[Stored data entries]
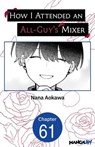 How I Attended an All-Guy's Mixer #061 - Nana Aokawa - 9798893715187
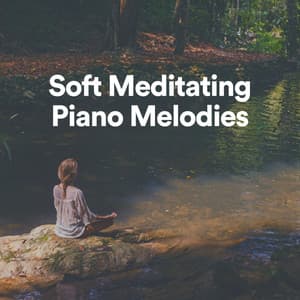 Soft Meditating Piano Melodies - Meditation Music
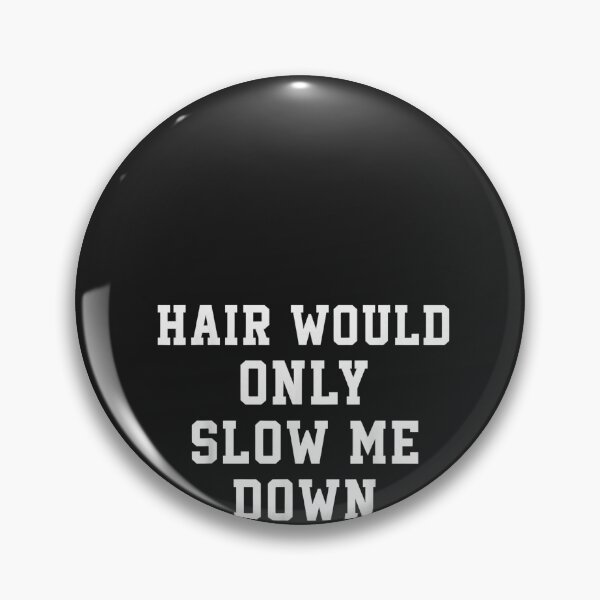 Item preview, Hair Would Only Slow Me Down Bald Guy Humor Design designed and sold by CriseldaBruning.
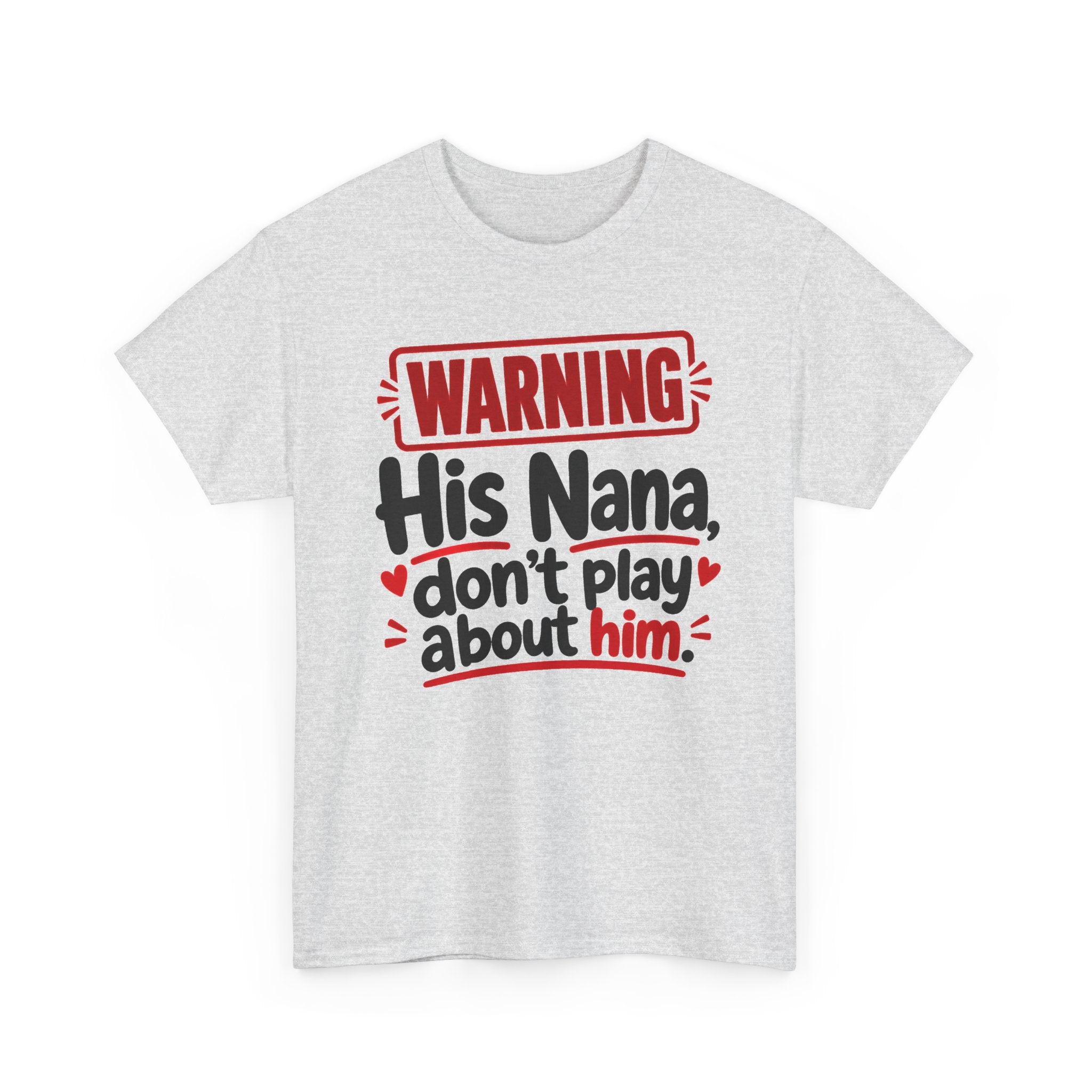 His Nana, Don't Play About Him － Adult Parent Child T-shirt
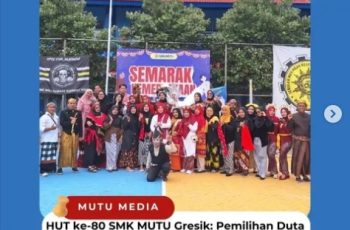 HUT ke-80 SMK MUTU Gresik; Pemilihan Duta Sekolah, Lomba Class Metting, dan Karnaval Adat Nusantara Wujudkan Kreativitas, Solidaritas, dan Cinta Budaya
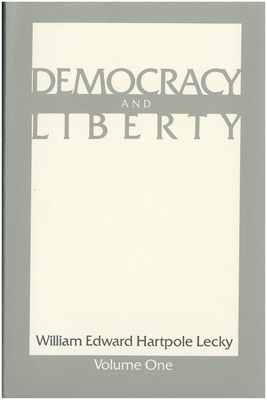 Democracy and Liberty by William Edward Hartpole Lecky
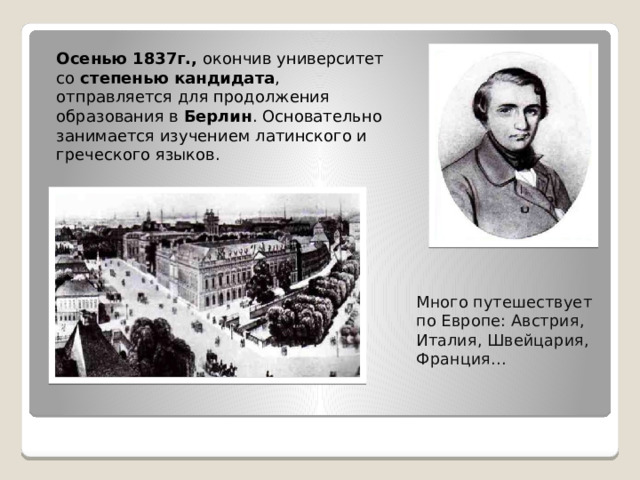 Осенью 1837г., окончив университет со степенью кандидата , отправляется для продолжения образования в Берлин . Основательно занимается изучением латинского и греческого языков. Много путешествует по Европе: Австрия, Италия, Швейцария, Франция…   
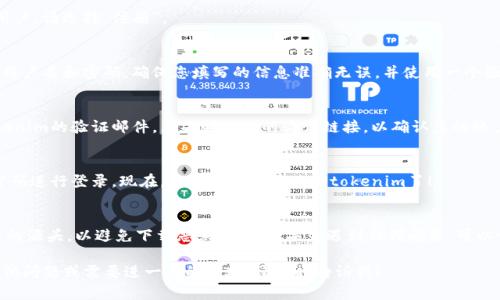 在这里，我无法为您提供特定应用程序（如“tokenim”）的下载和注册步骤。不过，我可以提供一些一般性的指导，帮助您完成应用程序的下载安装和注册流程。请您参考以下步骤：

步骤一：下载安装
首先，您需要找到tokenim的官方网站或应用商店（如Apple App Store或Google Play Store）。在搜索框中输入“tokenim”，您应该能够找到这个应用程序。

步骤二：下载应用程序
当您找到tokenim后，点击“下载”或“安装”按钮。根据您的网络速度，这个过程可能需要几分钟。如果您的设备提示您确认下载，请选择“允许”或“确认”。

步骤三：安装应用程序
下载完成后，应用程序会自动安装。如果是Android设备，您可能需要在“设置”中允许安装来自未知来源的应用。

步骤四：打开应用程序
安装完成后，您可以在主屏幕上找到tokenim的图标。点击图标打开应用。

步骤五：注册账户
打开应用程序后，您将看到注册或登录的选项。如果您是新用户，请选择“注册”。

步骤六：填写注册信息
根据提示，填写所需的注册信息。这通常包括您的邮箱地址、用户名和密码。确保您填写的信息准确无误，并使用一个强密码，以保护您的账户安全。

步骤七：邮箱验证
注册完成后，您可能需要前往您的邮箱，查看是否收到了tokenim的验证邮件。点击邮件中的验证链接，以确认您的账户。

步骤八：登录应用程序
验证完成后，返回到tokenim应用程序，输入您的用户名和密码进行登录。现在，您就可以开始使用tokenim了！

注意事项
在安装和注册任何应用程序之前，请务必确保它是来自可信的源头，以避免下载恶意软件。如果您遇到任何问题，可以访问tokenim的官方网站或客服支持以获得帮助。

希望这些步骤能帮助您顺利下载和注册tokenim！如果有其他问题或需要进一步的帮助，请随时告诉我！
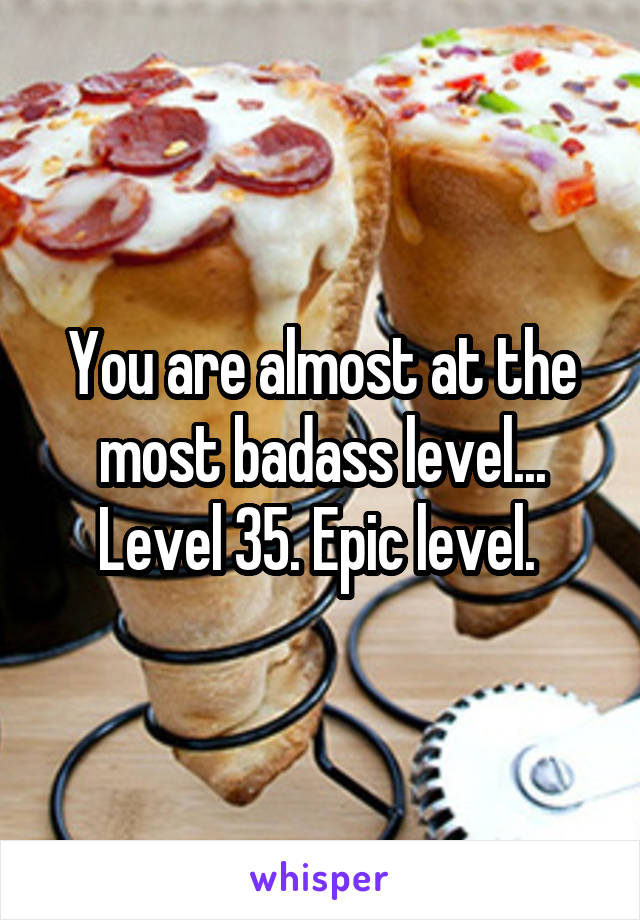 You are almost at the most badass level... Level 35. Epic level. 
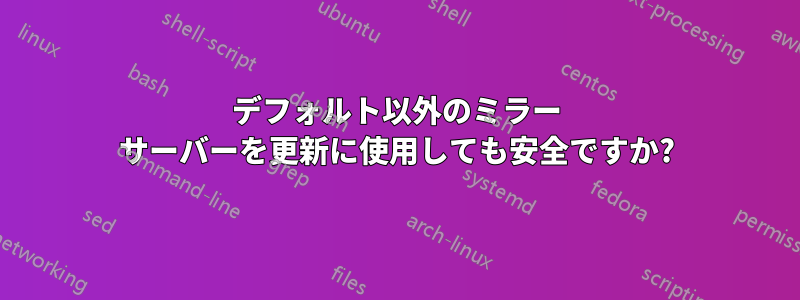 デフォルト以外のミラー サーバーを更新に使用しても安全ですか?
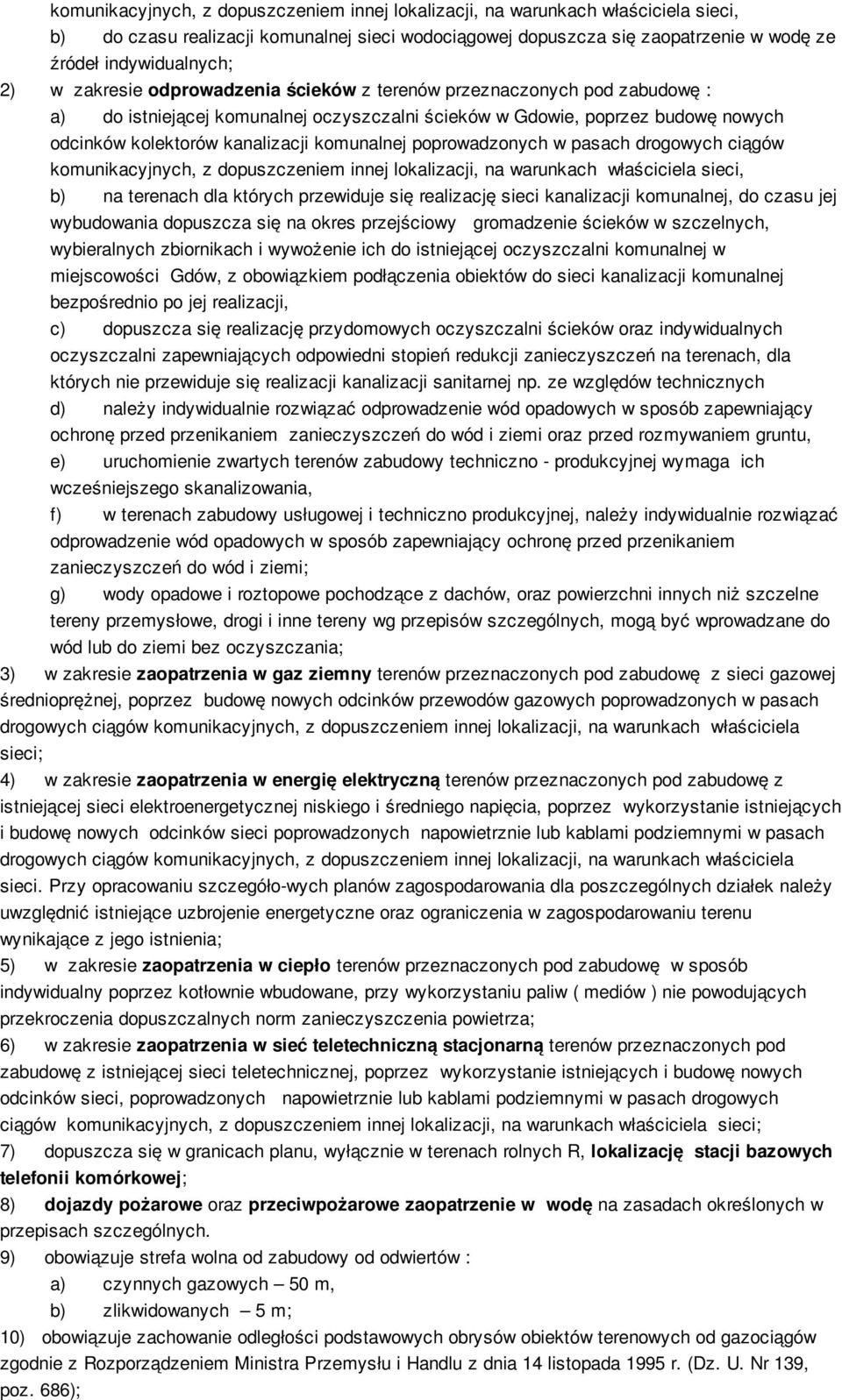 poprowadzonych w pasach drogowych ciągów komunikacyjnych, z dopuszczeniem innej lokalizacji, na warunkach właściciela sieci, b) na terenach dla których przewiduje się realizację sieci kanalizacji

_WHAT IS EXPECTED_
With the pictures excluded, the line containing "安装完成后，您可以在主屏幕上找到tokenim的图标。点击图标打开应用。" and every line after it through the end of the data above are to be transcribed exactly, and nothing more.

_ANSWER BELOW_
安装完成后，您可以在主屏幕上找到tokenim的图标。点击图标打开应用。

步骤五：注册账户
打开应用程序后，您将看到注册或登录的选项。如果您是新用户，请选择“注册”。

步骤六：填写注册信息
根据提示，填写所需的注册信息。这通常包括您的邮箱地址、用户名和密码。确保您填写的信息准确无误，并使用一个强密码，以保护您的账户安全。

步骤七：邮箱验证
注册完成后，您可能需要前往您的邮箱，查看是否收到了tokenim的验证邮件。点击邮件中的验证链接，以确认您的账户。

步骤八：登录应用程序
验证完成后，返回到tokenim应用程序，输入您的用户名和密码进行登录。现在，您就可以开始使用tokenim了！

注意事项
在安装和注册任何应用程序之前，请务必确保它是来自可信的源头，以避免下载恶意软件。如果您遇到任何问题，可以访问tokenim的官方网站或客服支持以获得帮助。

希望这些步骤能帮助您顺利下载和注册tokenim！如果有其他问题或需要进一步的帮助，请随时告诉我！
 You are almost at the most badass level... Level 35. Epic level. 
 デフォルト以外のミラー サーバーを更新に使用しても安全ですか?
 poprowadzonych w pasach drogowych ciągów komunikacyjnych, z dopuszczeniem innej lokalizacji, na warunkach właściciela sieci, b) na terenach dla których przewiduje się realizację sieci kanalizacji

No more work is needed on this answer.